Set the listing down exactly; no pictures.

> _Dataset content_:
______________________________
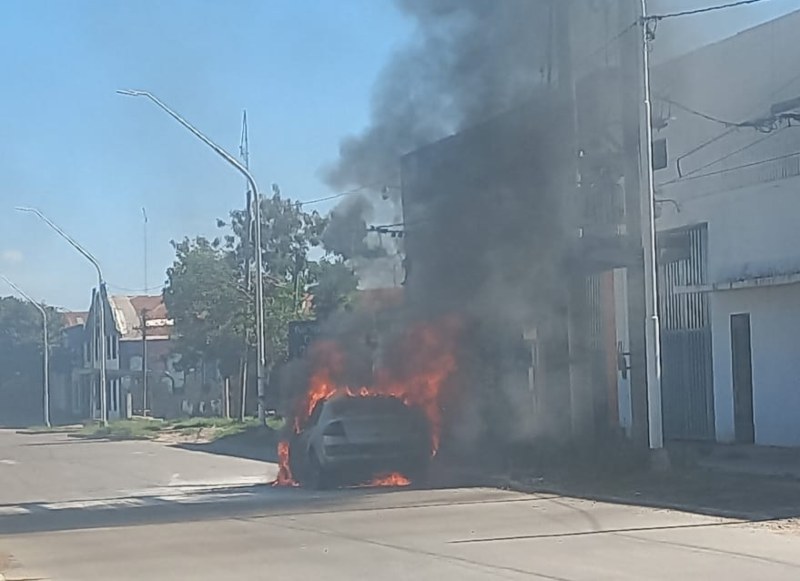 Se incendió un vehículo en ruta 11 y avenida 25 de Mayo Se incendió un vehículo en ruta 11 y avenida 25 de Mayo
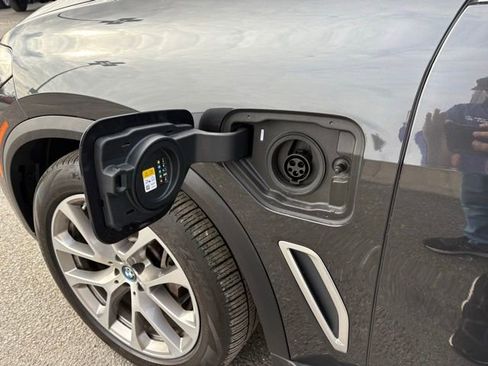 Used 2023 BMW X5 xDrive45e w/ Climate Comfort Package image 30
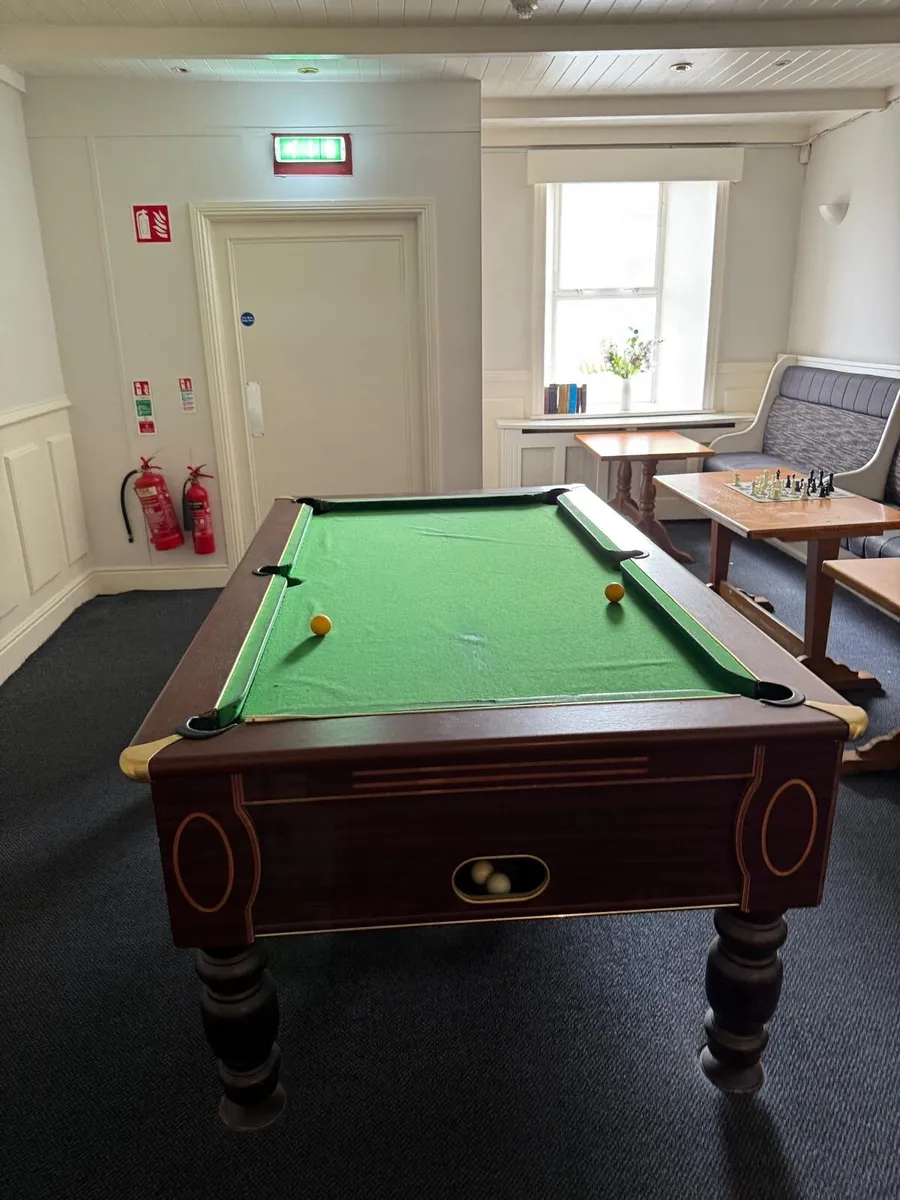 Pool table - Image 2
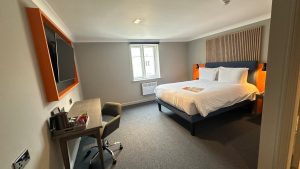 Village hotel Leeds north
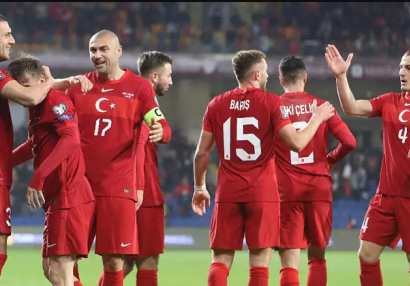 Türk ulduz Madrid klubunda 
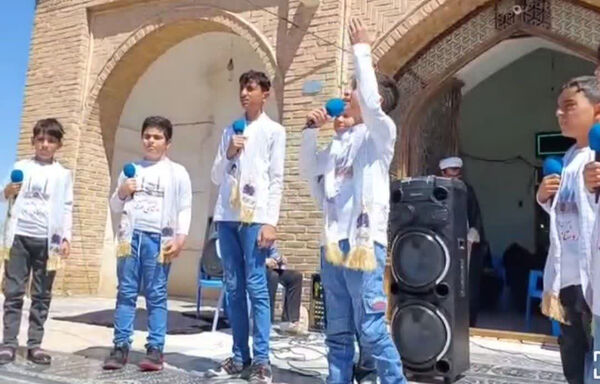 راهپیمایی مردم روستای صرم قم در روز قدس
______________________________
> _Task output_:
 Se incendió un vehículo en ruta 11 y avenida 25 de Mayo Se incendió un vehículo en ruta 11 y avenida 25 de Mayo
 Used 2023 BMW X5 xDrive45e w/ Climate Comfort Package image 30
 Pool table - Image 2
 Village hotel Leeds north
 Türk ulduz Madrid klubunda 
 راهپیمایی مردم روستای صرم قم در روز قدس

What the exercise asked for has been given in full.